Bug 4474 – Better stdin.byLine()

Status
RESOLVED
Resolution
FIXED
Severity
enhancement
Priority
P2
Component
phobos
Product
D
Version
D2
Platform
All
OS
All
Creation time
2010-07-16T16:21:00Z
Last change time
2015-11-03T14:25:59Z
Assigned to
nobody
Creator
bearophile_hugs

Comments

Comment #0 by bearophile_hugs — 2010-07-16T16:21:32Z
This is relative to page 16-17 of The D Programming Language. It explains stdin.byLine() and possible 'rather hard to find' bugs caused by not duplicating the input data. If I use D to write 20-lines long scripts I really don't want to remember to dup all things (in D1 code I sometimes end up dupping too much, to be on the safe side). So I suggest a different API for the line reading: - stdin.byLineMutable() (or another similar name, longer than "byLine" that makes it clear it doesn't copy): for the current behaviour that avoids a memory allocation for each line read. This is faster but it's less safe. - stdin.byLine(): that allocates a new string for each line, this is safer, as in Python (Python also uses heuristics to speed up this method as much as possible, because this is often a very common and performance-critical operation in scripts). All D default design policy says that unsafe but faster things need to be asked for, and the default things must be less bug-prone. If I write a small D script I can use byLine(), hoping to avoid some bugs. If later I see profiling shows me it's too much slow, I can replace the byLine() with the other method and optimize the code, carefully, removing some heap allocations. (An alternative design strategy is to keep just the byLine() method, but give it an optional default argument, like stdin.byLine(bool copy=True) or stdin.byLine(bool COPY=True)(), that on default copies the line with a new memory allocation.)
Comment #1 by andrei — 2010-07-17T08:00:52Z
byLine is safe.
Comment #2 by bearophile_hugs — 2010-07-17T08:29:20Z
OK, changed title in "Better" instead of "Safer".

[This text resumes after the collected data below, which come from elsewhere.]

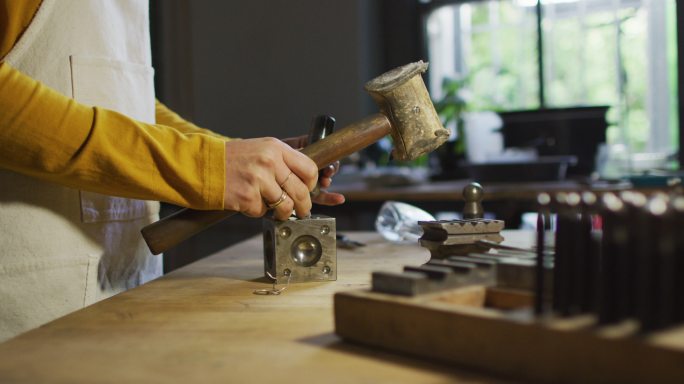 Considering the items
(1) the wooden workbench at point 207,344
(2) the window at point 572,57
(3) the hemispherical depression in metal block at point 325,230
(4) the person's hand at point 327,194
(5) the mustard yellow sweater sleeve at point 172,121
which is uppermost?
(2) the window at point 572,57

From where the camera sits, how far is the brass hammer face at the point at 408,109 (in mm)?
1261

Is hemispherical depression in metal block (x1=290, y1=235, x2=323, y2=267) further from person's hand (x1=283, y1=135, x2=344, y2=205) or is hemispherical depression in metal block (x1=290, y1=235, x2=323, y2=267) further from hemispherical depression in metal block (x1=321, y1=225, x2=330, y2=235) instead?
person's hand (x1=283, y1=135, x2=344, y2=205)

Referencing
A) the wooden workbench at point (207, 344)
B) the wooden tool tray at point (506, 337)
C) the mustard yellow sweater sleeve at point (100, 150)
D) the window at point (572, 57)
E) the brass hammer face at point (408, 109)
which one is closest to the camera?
the wooden tool tray at point (506, 337)

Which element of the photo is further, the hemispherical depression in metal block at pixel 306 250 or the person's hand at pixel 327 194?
the person's hand at pixel 327 194

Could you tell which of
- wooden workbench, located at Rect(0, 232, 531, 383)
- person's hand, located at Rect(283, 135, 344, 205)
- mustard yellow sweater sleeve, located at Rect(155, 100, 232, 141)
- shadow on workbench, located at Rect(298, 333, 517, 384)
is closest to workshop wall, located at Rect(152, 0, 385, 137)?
mustard yellow sweater sleeve, located at Rect(155, 100, 232, 141)

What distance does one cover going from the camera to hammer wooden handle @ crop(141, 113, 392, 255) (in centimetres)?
124

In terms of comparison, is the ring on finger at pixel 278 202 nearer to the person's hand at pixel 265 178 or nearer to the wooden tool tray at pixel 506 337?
the person's hand at pixel 265 178

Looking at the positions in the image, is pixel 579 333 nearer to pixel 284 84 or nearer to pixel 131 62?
pixel 131 62

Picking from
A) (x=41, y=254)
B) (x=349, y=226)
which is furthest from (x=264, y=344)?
(x=349, y=226)

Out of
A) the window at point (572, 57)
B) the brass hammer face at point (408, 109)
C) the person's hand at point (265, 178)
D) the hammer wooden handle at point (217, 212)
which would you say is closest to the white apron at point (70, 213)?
the hammer wooden handle at point (217, 212)

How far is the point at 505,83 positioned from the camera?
16.5ft

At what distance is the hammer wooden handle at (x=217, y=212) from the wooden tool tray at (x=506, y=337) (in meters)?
0.52

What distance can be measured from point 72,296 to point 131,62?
1.53 feet

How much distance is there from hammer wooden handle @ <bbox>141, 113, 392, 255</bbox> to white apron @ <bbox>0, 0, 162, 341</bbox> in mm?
122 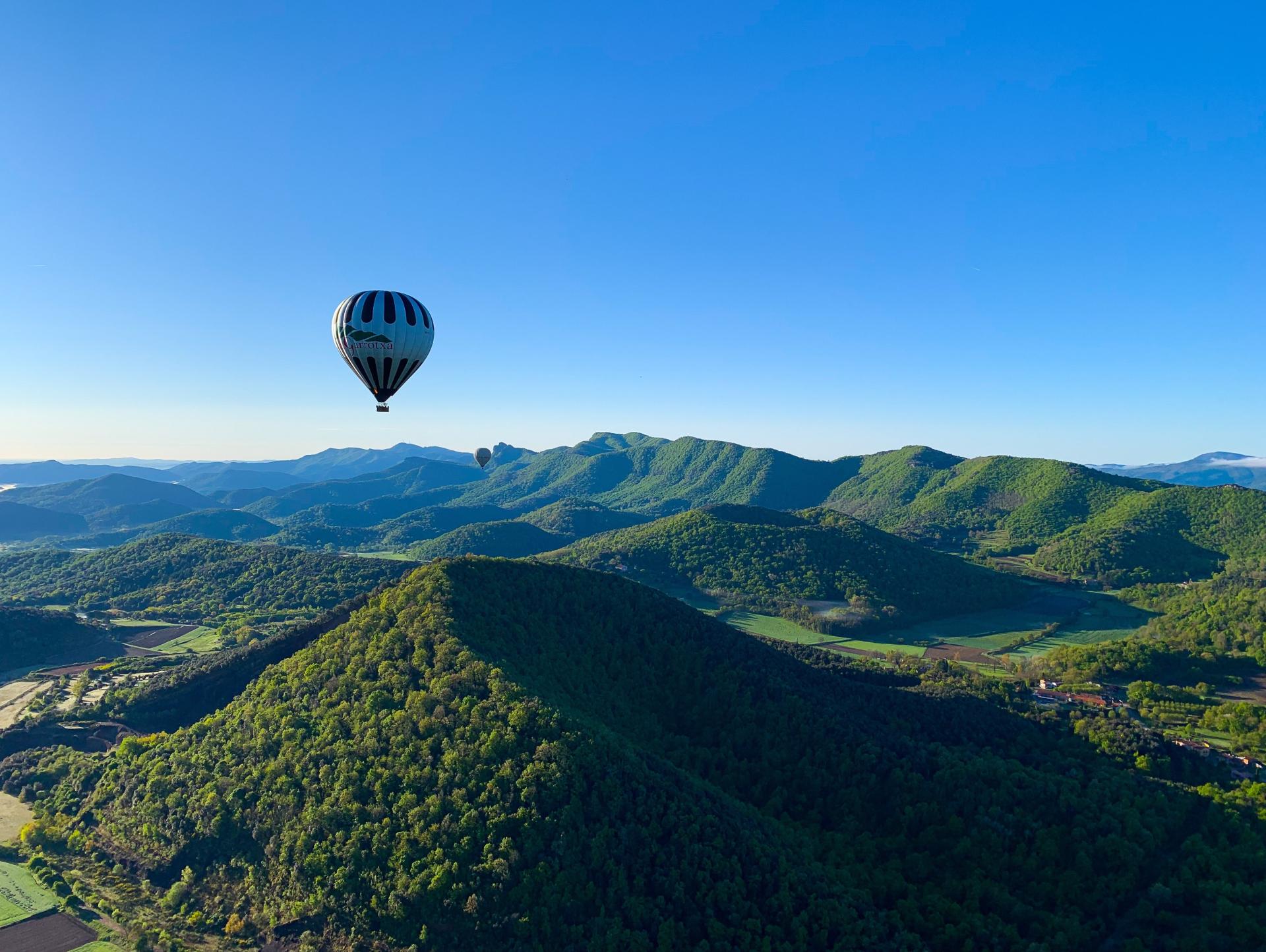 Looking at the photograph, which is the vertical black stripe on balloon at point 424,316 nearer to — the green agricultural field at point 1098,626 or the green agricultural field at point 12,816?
the green agricultural field at point 12,816

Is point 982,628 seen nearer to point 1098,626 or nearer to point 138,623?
point 1098,626

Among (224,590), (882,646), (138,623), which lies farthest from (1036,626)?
(138,623)

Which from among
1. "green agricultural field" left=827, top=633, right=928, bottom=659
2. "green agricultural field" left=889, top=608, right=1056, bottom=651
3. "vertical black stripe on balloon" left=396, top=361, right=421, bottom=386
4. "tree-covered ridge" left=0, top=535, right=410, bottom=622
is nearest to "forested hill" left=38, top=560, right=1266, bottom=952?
"vertical black stripe on balloon" left=396, top=361, right=421, bottom=386

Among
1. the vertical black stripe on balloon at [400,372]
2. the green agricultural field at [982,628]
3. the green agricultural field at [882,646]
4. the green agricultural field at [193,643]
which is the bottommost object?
the green agricultural field at [193,643]

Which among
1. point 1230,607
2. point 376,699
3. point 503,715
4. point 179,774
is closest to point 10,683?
point 179,774

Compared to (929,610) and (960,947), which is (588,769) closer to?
(960,947)

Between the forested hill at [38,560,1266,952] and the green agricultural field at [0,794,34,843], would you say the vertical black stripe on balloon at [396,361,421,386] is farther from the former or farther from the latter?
the green agricultural field at [0,794,34,843]

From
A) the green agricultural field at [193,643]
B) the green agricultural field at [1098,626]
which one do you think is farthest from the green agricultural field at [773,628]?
the green agricultural field at [193,643]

Comment #3 by bearophile_hugs — 2010-07-17T09:10:49Z
This is a small test program (dmd v2.047): import std.string, std.stdio; void main() { int[string] aa; foreach (line; stdin.byLine()) foreach (word; line.split()) aa[word]++; foreach (word, freq; aa) writeln(freq, " ", word); } Running with itself as input data: test.exe < test.d Prints: 1 eln(fr 1 q, " ", wo 1 writeln 1 } 1 " 1 } 1 } 1 writeln 2 wri 1 wri 1 ", word); )) 1 , w 1 q, " ", word); 1 eln(fr 1 q, " 1 freq, 1 ", 1 eln(freq, " 1 writeln(fr 1 word); 1 writeln(freq, 1 fre 1 e This shows that byLine() is bug-prone (unsafe). While this program: import std.string, std.stdio; void main() { int[string] aa; foreach (line; stdin.byLine()) foreach (word; line.split()) aa[word.dup]++; foreach (word, freq; aa) writeln(freq, " ", word); } Prints a more correct output: 1 (word, 1 std.stdio; 1 int[string] 1 } 1 " 1 void 1 import 3 foreach 1 main() 1 aa) 1 line.split()) 1 stdin.byLine()) 1 (line; 1 freq; 1 (word; 1 ", 1 std.string, 1 word); 1 writeln(freq, 1 aa[word.dup]++; 1 aa; 1 { It's easy to forget dupping/idupping.

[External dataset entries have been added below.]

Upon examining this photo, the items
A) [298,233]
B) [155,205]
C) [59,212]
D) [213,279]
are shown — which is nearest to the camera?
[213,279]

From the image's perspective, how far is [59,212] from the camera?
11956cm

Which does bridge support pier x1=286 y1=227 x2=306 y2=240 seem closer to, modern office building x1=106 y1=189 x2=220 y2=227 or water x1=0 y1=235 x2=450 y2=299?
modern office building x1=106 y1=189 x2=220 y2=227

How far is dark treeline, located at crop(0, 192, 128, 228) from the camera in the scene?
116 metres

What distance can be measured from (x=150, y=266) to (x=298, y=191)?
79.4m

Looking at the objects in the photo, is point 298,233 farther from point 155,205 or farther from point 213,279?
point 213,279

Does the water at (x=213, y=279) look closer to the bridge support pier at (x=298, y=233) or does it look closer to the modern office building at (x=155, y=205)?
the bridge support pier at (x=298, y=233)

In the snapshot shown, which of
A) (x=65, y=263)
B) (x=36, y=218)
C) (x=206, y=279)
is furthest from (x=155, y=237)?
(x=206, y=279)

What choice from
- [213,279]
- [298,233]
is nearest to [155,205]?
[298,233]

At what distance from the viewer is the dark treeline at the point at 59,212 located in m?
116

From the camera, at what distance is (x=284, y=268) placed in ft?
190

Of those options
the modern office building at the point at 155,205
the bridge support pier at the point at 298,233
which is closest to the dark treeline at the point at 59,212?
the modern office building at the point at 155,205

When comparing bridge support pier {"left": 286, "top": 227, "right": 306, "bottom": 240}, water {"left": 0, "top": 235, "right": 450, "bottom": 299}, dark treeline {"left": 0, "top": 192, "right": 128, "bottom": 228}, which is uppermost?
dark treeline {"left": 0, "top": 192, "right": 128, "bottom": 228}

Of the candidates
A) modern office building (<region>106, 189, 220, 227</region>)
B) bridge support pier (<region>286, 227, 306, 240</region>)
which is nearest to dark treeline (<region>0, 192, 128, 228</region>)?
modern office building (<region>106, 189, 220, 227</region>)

Comment #4 by andrei — 2010-07-17T11:06:02Z
That example is the manifestation of another bug: http://d.puremagic.com/issues/show_bug.cgi?id=2954
Comment #5 by bearophile_hugs — 2010-07-17T11:46:28Z
If you think this bug report is invalid and byLine() is safe (because the type system is enough, being able to tell apart char[] and string), then you can close this bug report.
Comment #6 by bearophile_hugs — 2010-07-24T19:07:33Z
Bug closed because Andrei says byLine() is safe :-)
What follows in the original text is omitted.